[Start of section]
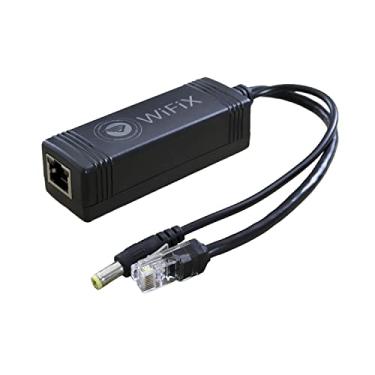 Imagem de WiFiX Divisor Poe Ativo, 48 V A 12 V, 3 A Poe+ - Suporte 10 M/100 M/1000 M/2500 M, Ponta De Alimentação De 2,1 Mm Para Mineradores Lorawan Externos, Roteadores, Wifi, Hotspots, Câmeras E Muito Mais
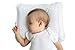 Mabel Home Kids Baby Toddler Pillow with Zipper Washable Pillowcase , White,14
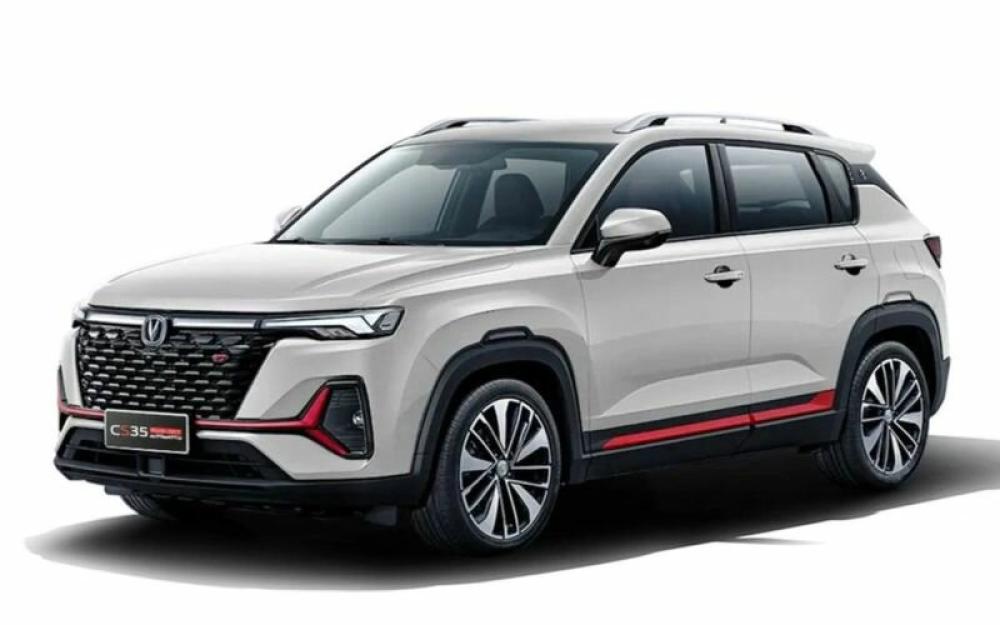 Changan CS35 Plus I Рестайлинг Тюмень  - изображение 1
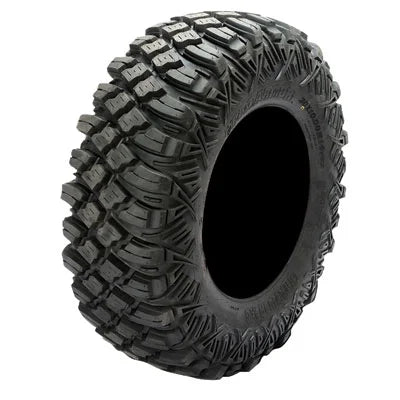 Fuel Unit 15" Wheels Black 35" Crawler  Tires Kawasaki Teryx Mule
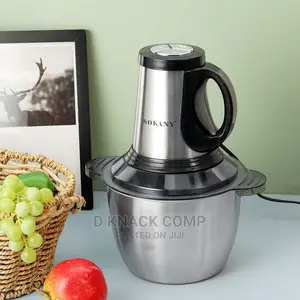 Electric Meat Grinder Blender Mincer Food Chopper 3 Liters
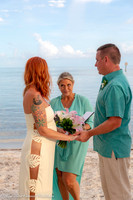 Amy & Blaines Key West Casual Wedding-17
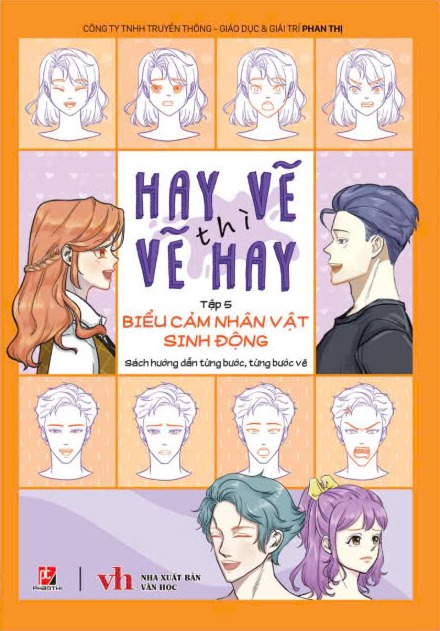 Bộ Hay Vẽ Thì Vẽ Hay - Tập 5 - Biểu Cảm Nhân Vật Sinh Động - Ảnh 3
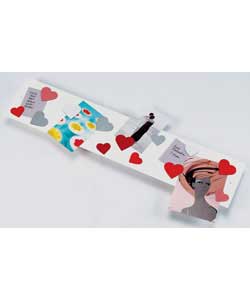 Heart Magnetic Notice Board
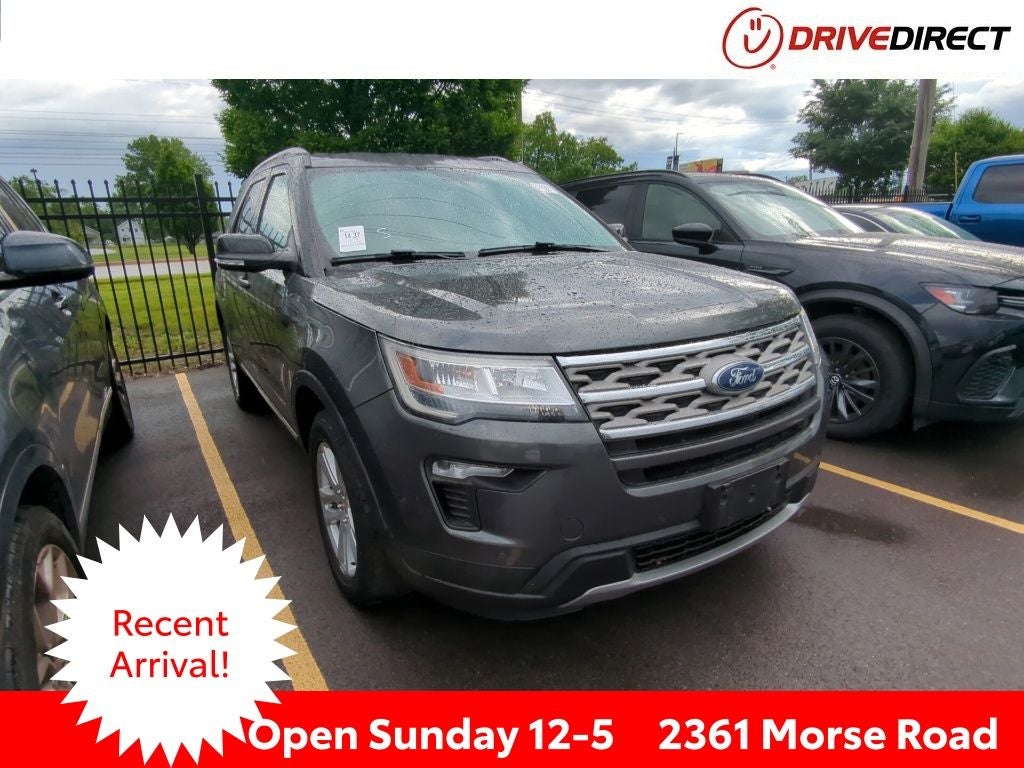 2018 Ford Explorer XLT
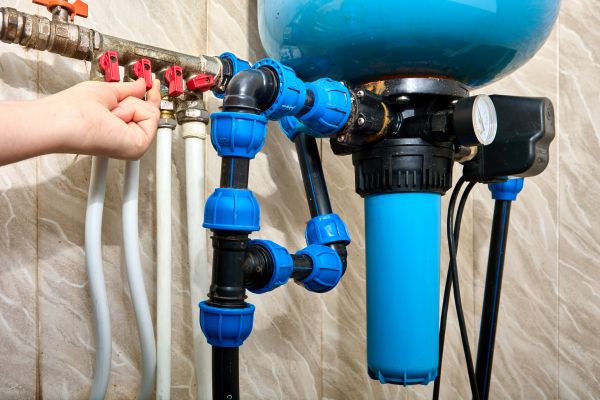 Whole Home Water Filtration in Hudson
[End of section]
● **How to complete this task**
Transcribe each line above verbatim, with the pictures left out.

● **Task answer**
 Imagem de WiFiX Divisor Poe Ativo, 48 V A 12 V, 3 A Poe+ - Suporte 10 M/100 M/1000 M/2500 M, Ponta De Alimentação De 2,1 Mm Para Mineradores Lorawan Externos, Roteadores, Wifi, Hotspots, Câmeras E Muito Mais
 Mabel Home Kids Baby Toddler Pillow with Zipper Washable Pillowcase , White,14
 Changan CS35 Plus I Рестайлинг Тюмень  - изображение 1
 Fuel Unit 15" Wheels Black 35" Crawler  Tires Kawasaki Teryx Mule
 Electric Meat Grinder Blender Mincer Food Chopper 3 Liters
 Amy & Blaines Key West Casual Wedding-17
 Bộ Hay Vẽ Thì Vẽ Hay - Tập 5 - Biểu Cảm Nhân Vật Sinh Động - Ảnh 3
 Heart Magnetic Notice Board
 2018 Ford Explorer XLT
 Whole Home Water Filtration in Hudson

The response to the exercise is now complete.